The derivation of 3. is an example of the first way an equivalence scheme can be used – 3. is logically equivalent to 2. and therefore follows from it. In the derivation of 4. the principle of substitution of equivalents is used – 4. is obtained from 3. by replacing its part “¬¬B” with the logically equivalent sentence “B”.

Here is the full list of equivalence schemes that can be used in the natural deduction proof procedure.
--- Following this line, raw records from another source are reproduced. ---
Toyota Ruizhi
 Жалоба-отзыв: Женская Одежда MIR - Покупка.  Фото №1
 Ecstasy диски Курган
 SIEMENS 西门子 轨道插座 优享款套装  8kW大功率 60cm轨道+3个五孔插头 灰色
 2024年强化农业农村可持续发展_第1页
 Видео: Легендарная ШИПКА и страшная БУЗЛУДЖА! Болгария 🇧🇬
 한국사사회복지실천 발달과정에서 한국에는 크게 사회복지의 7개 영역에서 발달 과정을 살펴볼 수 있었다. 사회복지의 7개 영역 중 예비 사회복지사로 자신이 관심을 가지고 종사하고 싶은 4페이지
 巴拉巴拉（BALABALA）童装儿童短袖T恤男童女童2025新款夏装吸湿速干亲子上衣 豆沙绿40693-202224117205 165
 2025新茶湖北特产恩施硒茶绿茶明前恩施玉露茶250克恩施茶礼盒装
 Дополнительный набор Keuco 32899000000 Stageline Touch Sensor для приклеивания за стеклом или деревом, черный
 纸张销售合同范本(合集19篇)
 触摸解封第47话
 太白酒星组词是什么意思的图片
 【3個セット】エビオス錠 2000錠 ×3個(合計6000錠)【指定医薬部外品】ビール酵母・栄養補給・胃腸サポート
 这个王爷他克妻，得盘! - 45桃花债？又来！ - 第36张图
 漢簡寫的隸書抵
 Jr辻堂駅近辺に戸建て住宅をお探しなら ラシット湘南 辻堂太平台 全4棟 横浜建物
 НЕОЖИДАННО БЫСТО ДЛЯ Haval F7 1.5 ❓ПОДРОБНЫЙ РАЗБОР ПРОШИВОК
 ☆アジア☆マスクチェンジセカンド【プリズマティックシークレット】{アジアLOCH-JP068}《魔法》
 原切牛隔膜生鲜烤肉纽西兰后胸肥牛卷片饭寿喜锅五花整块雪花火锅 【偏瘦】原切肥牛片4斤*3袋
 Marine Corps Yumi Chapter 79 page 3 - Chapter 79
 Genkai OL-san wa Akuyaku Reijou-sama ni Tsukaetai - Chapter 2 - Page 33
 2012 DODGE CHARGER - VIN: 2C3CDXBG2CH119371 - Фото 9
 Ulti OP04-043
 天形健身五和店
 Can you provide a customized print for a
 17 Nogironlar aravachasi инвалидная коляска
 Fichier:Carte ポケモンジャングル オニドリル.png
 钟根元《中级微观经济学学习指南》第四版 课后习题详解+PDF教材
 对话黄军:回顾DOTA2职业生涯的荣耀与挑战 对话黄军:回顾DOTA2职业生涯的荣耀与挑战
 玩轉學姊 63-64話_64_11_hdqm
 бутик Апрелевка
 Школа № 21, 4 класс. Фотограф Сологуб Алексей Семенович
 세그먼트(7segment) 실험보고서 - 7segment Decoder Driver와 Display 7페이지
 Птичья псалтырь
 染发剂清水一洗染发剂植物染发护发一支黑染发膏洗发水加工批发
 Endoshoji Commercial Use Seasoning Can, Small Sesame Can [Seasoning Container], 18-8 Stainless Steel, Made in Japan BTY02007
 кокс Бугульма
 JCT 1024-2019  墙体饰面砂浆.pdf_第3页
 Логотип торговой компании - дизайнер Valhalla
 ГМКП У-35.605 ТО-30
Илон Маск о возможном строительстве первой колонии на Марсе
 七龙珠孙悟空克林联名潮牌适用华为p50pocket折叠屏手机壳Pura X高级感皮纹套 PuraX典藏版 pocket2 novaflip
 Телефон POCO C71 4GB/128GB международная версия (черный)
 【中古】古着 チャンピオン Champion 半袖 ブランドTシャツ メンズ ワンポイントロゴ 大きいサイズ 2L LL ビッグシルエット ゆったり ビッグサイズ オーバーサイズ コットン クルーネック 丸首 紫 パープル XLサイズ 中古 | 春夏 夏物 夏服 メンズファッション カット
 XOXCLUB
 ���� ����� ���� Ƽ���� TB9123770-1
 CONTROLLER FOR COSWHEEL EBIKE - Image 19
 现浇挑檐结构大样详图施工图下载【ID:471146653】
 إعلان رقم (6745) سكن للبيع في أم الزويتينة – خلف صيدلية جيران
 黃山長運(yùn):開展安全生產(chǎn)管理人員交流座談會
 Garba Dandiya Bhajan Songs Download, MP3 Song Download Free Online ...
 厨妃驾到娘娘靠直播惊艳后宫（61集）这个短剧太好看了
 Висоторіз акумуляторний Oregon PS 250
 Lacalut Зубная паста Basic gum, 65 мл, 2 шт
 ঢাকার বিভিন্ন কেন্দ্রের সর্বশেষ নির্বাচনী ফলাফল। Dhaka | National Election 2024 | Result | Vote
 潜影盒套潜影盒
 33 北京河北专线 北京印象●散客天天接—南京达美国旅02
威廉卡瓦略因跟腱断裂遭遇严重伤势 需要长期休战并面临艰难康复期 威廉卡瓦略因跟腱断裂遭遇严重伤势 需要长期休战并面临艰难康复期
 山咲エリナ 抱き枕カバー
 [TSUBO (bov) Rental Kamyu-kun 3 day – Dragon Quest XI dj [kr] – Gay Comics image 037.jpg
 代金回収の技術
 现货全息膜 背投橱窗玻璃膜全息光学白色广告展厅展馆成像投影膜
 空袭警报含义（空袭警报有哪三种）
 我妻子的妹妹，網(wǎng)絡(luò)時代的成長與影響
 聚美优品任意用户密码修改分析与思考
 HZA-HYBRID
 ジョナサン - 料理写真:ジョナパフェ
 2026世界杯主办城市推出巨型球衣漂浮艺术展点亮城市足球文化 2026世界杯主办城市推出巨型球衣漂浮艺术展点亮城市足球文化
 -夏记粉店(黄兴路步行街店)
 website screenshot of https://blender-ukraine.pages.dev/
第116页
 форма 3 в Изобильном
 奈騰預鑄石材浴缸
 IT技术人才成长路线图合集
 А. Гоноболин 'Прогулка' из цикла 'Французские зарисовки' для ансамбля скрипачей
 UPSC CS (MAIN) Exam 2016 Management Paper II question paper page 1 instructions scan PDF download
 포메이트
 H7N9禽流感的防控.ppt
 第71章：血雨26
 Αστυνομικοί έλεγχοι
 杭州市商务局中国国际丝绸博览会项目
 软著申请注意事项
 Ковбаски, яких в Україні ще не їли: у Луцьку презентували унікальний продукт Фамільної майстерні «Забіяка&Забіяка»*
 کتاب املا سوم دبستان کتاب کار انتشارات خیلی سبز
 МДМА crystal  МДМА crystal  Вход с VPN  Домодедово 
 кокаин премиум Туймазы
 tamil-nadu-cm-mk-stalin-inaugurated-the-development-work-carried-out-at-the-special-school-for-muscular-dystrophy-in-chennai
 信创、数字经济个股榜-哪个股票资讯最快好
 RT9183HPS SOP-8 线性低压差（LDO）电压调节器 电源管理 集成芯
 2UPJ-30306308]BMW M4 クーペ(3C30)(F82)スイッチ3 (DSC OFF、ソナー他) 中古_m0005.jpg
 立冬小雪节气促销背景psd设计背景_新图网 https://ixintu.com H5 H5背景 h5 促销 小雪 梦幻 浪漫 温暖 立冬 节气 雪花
For each of them, through a truth table or a truth-value analysis, it can be seen that the expressions on the sides of “⇔” are indeed logically equivalent.

 transposition (Trans): α→β ⇔ ¬β→¬α

 double negation (DN): ¬¬α ⇔ α

 exportation (Exp): α→(β→γ) ⇔ (α∧β)→γ

 material implication (Imp): α→β ⇔ ¬α∨β ¬(α→β) ⇔ α∧¬β

 De Morgan (De M): ¬(α∧β) ⇔ ¬α∨¬β ¬(α∨β) ⇔ ¬α∧¬β

 commutation (Com): α∧β ⇔ β∧α α∨β ⇔ β∨α

 association (Assoc): α∧(β∧γ) ⇔ (α∧β)∧γ α∨(β∨γ) ⇔ (α∨β)∨γ

 distribution (Distr): α∧(β∨γ) ⇔ (α∧β)∨(α∧γ) α∨(β∧γ) ⇔ (α∨β)∧(α∨γ)

 material equivalence (Equiv): α↔β ⇔ (α→β)∧(β→α) α↔β ⇔ (α∧β)∨(¬α∧¬β)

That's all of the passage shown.